Dave Molyneux (born 21 November 1963 in Douglas, Isle of Man) is a Manx sidecar racer and chassis engineer. He is the most successful Sidecar competitor in the history of the Isle of Man TT races, achieving 17 TT victories and 30 podium finishes. His race wins place him fourth on the all-time wins list, behind solo bike racers Michael Dunlop (36 wins), Joey Dunlop (26 wins) and John McGuinness (23).

Moly, as he is often known, was the sidecar lap record holder for the Snaefell mountain course set in 2015 with a time of 19 minutes 23.056 seconds, an average race speed of 116.785 mph for one lap.

In 2013, a right-hand bend on the Snaefell Mountain Course used for TT and Manx Grand Prix races at the end of Cronk-y-Voddy Straight on the main A3 road was named Molyneux's in recognition of his wins, together with John McGuinness who was similarly honoured.

== Raceology ==

Beginning his TT career at the 1985 races, Molyneux failed to record a finish until his fifth outing in the first race at the 1987 'A' race where he placed tenth, but failed to finish in his sixth event, the 'B' race (the event is raced over two legs with the overall winner performing the best in terms of aggregate).
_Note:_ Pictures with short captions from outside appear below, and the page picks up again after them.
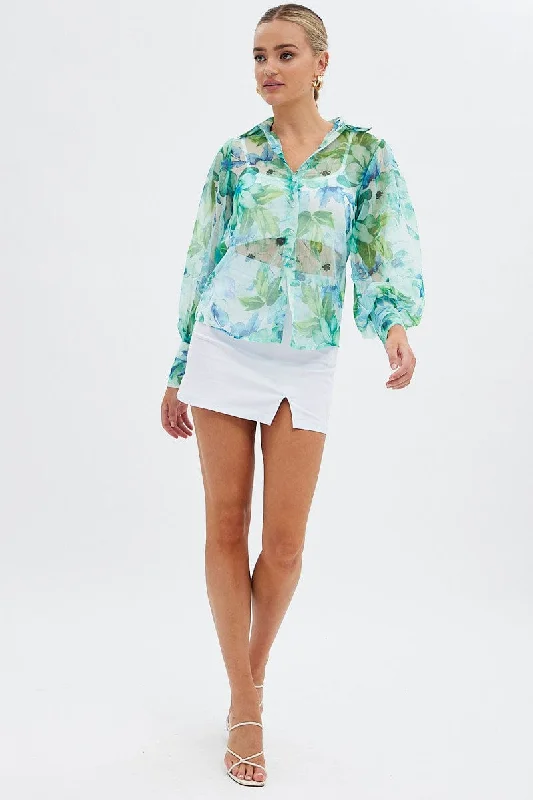 Green Floral Long Sleeve Shirt Chiffon Collared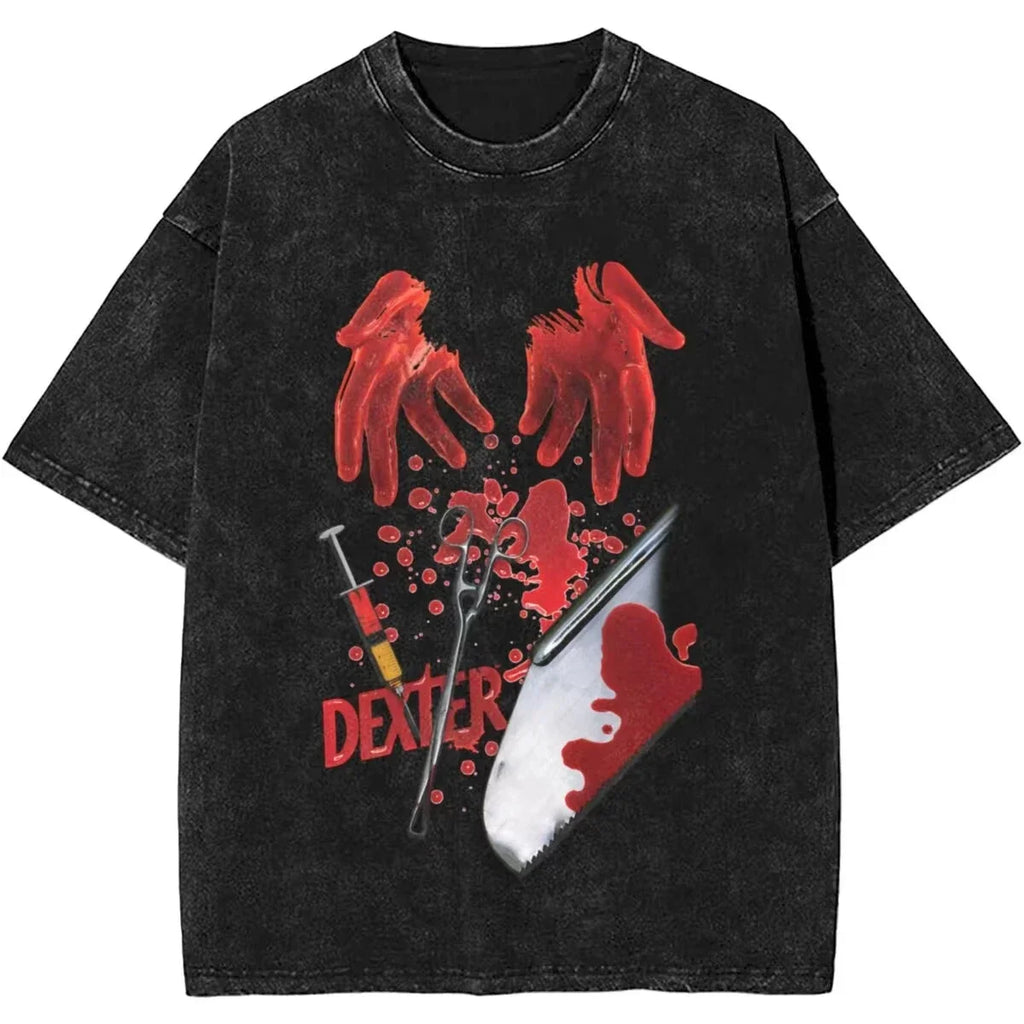 New Dexter Morgan Edition Middle Finger Retro Trendy Vintage Washed T-Shirt Summer Y2K Tops Cotton Men Women Tees Short Sleeve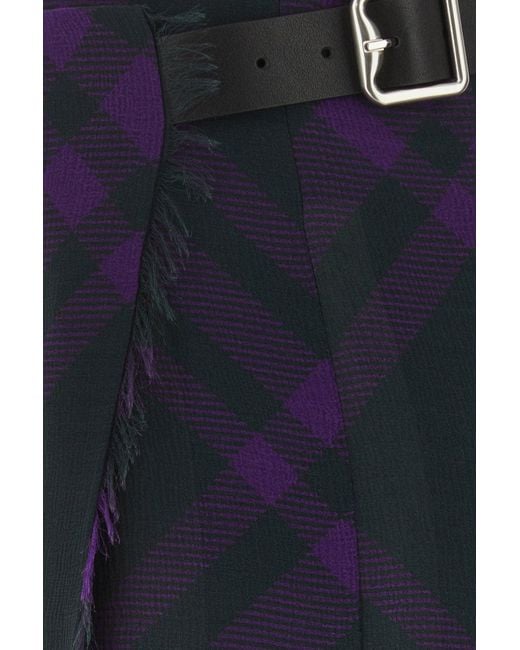 Burberry Blue Check-Pattern Frayed Kilt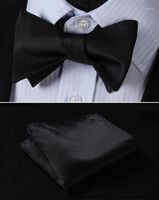 Wholesale BC2001L Pure Black Check Classic Silk Jacquard Woven Men Butterfly Self Bow Tie BowTie Pocket Square Handkerchief Suit Set1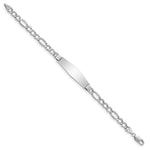 14K White Gold Polished Semi-Solid Chain/Solid Plate Figaro Link Soft Diamond Shape Plate ID Bracelet view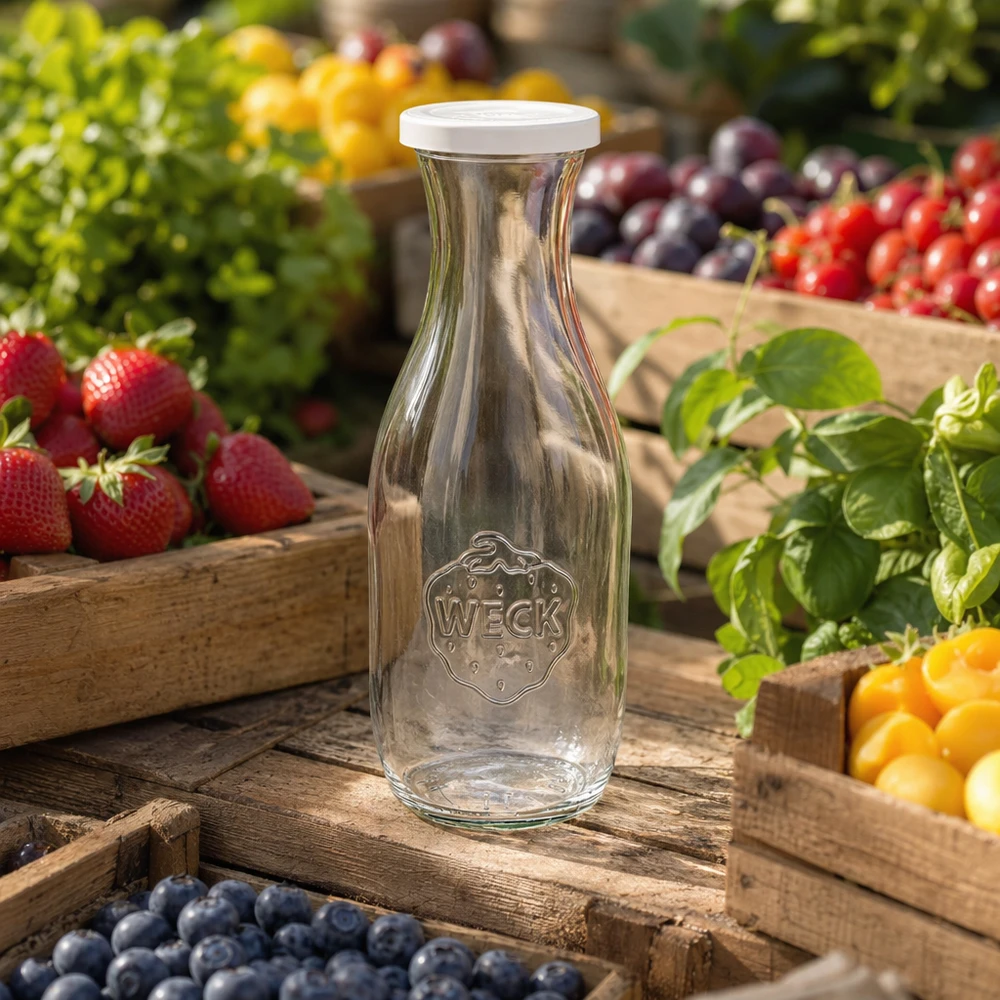 WECK sapfles 1062ml leeg met logo tussen kleurrijke vruchten op houten kratten in een natuurlijke tuinsetting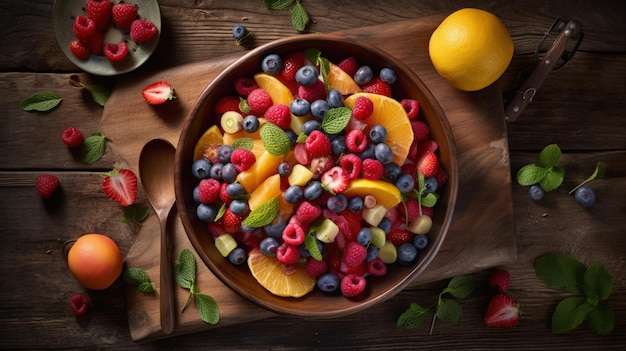 A bowl of fruit salad with a spoon on a wooden table.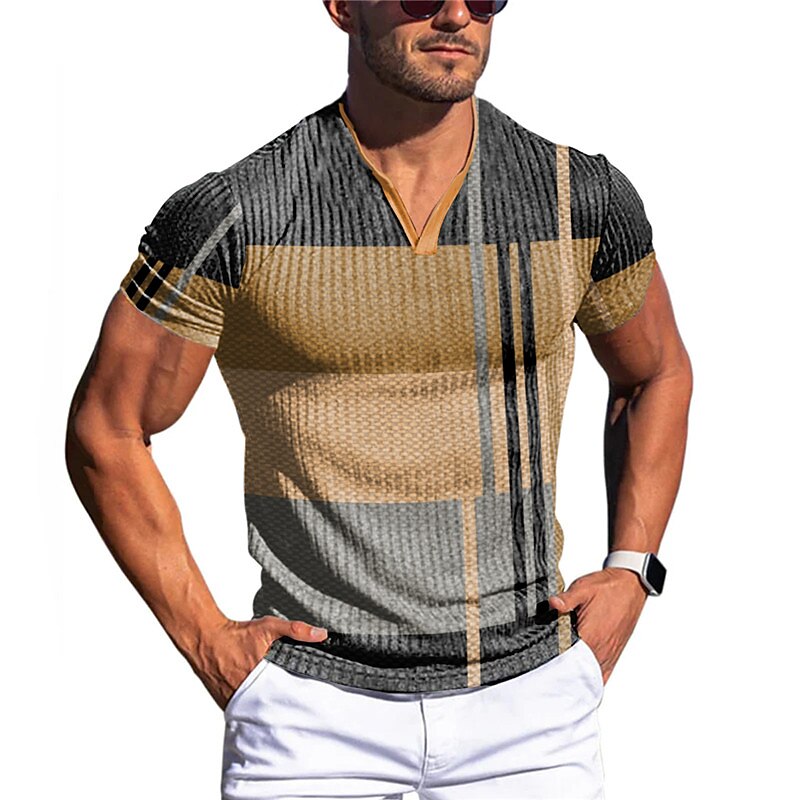 Men's Waffle Casual Outdoor Fashion Comfortable Breathable Soft V Neck Print Short Sleeves T Shirt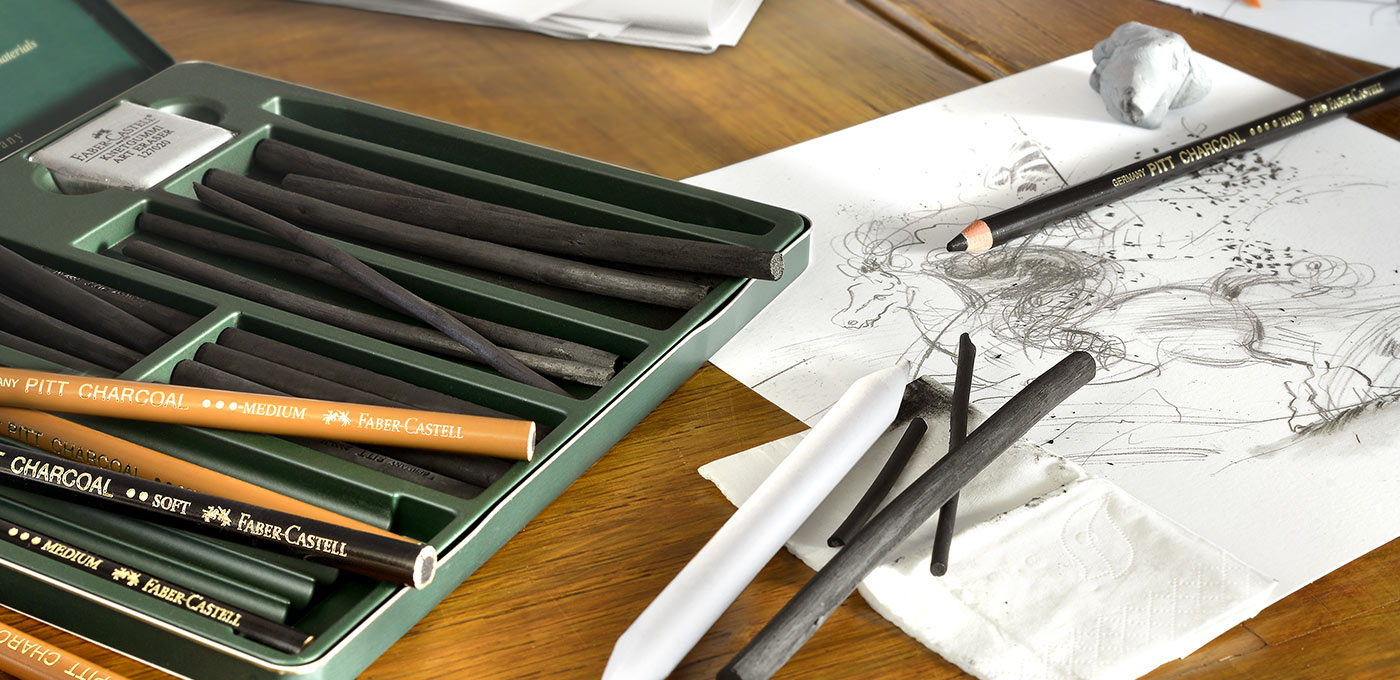Kohlezeichnungen mit Reißkohle und Naturkohle @Faber-Castell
Improvement continued 1988 with a sixth-place finish in the first leg of the Sidecar TT before retirement in the second race.

The 1989 meeting saw Molyneux begin to dominate the event with his maiden TT victory. Campaigning a Bregazzi Yamaha and partnered by experienced passenger Colin Hardman, the team took first place in the 'A' and third in the 'B' race. This resulted in Molyneux and Hardman claiming overall victory for the 1989 Sidecar TT.

Molyneux and Craig Hallam crashed during Thursday afternoon practice session for the 2006 races at Rhencullen after the sidecar outfit experienced a 140 mph Donald Campbell "bluebird-style flip." The outfit was destroyed in the resulting fire and Molyneux was unable to compete in the actual races due to injury. He made a comeback the following year taking a double victory, bringing his tally of wins to 13 at that time.

Molyneux's 14th victory came in 2009, when he also became the first winner of a TT sidecar race on a Suzuki powered machine. The lone race of 2009 saw him set a new race record on his Suzuki, (see above).

Molyneux did not compete at the TT in 2011 (although he rode the ex-Biland / O'Dell Seymaz Yamaha in the classic parade, with former TT passenger Karl Ellison), but he returned to the TT in 2012 on a Kawasaki powered machine winning both races. The first 2012 Sidecar race also made Molyneux the first ever competitor to win TTs using all four of the major Japanese manufacturers engines (Yamaha, Honda, Suzuki & Kawasaki).

2014 saw Molyneux take his 17th TT win in the second sidecar race. He led the first race by more than 20 seconds until an engine misfire caused him to stop on the final lap.

Molyneux is also a builder of road racing sidecars under the name DMR, Dave Molyneux Racing, and has supplied sidecars to many other TT winners including ten-time winner Rob Fisher, 2006 double winner Nick Crowe and six-time FIM World Champion Tim Reeves.

== Filmography ==

In 2017, Molyneux received top billing for his role in the film 3 Wheeling, an observational documentary filmed during TT period of 2016. The film premiered on 7 May 2017, followed by a limited theatrical release of 150 commercial screenings in cinemas in Northern Ireland, Germany, and the Isle of Man. Molyneux has not watched the film because he considers his racing efforts during the filming period to be "an absolute disaster", but praised the filmmakers for their hard work and ambitious promotion of Sidecar racing.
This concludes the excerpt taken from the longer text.